The primary cause is the set of conditions or parameters from which the failure began. The old saying, “For want of a nail the shoe was lost, for want of a shoe the horse was lost, for want of a horse the battle was lost, for want of the battle the kingdom was lost,” summarizes a classic primary cause determination. The analyst must discover what it was about this incident that is fundamentally responsible for the failure in performance and determine the sequence of events that led to the final failure.
By contrast, the root cause of a failure is a process or procedure which “went wrong.” The finish on a machine part was not as-specified. The heat-treatment on a rail was not uniform. The angle on screw-threads was too steep. Identification of that process is the key to creating a procedure by which future failures can be avoided.
Most failure analysis stops short of this final step. Instead what is presented to the client is the primary cause of failure: poor finish, incorrect heat treatment, the shape of the screw threads in the paragraph above are the “primary causes’ of those failures, not the root causes. The root causes would be:
the failure to check the finish after the part was machined;
the failure to ensure that the heat treatment furnace had sufficient control of changes in temperature to produce the desired microstructure in the rails; or
The failure to enter the proper information into the thread-cutting process;
The horse’s groom not checking to see that the horse’s shoes were properly nailed on before sending him into battle.
All four of these were “process” or “procedure” failures.
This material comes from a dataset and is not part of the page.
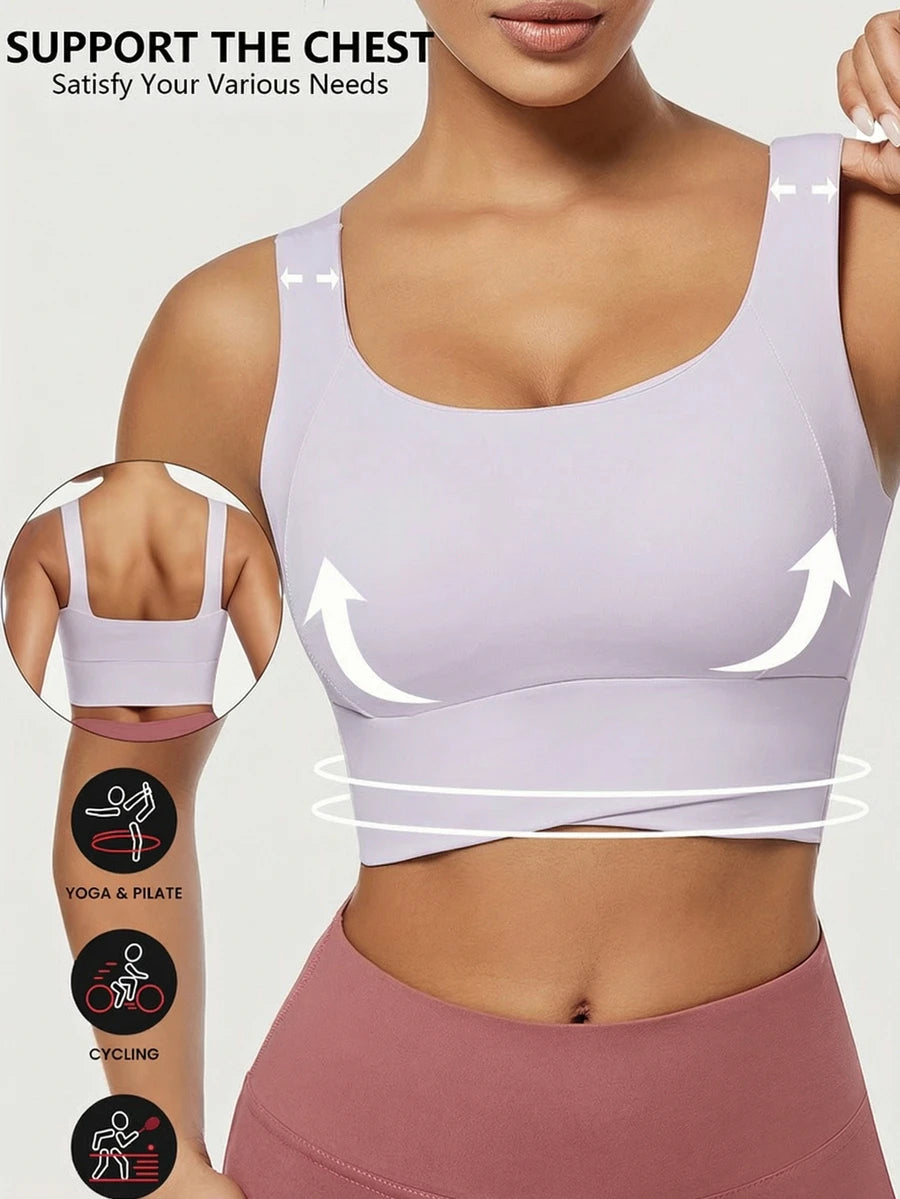 https://img.ltwebstatic.com/v4/j/ssms/2025/12/29/c6/1766999381bff97b3aa357179240cb060a2885b5af_thumbnail_900x.webp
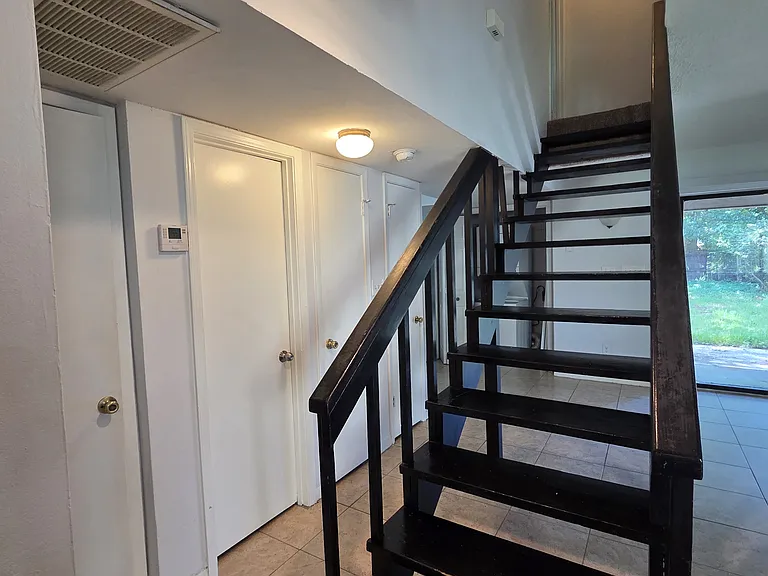 6400 Long St #4 — Photo 5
In the galvanized steel failure example, the primary cause of cracking of galvanized steel in bending may be the lack of an aluminum-iron-zinc intermetallic layer at the steel surface. But the root cause is the failure to maintain the aluminum level in the galvanizing bath.
To avoid these same failures in the future, to determine the root cause of the failure, the primary cause must be supplemented by intimate understanding of the entire history of the failed system or part, including both its manufacturing and its use. This information is usually most effectively obtained by visiting the manufacturing site for the failed part. From this information a new procedure can be crafted which will prevent repetition of the original failure.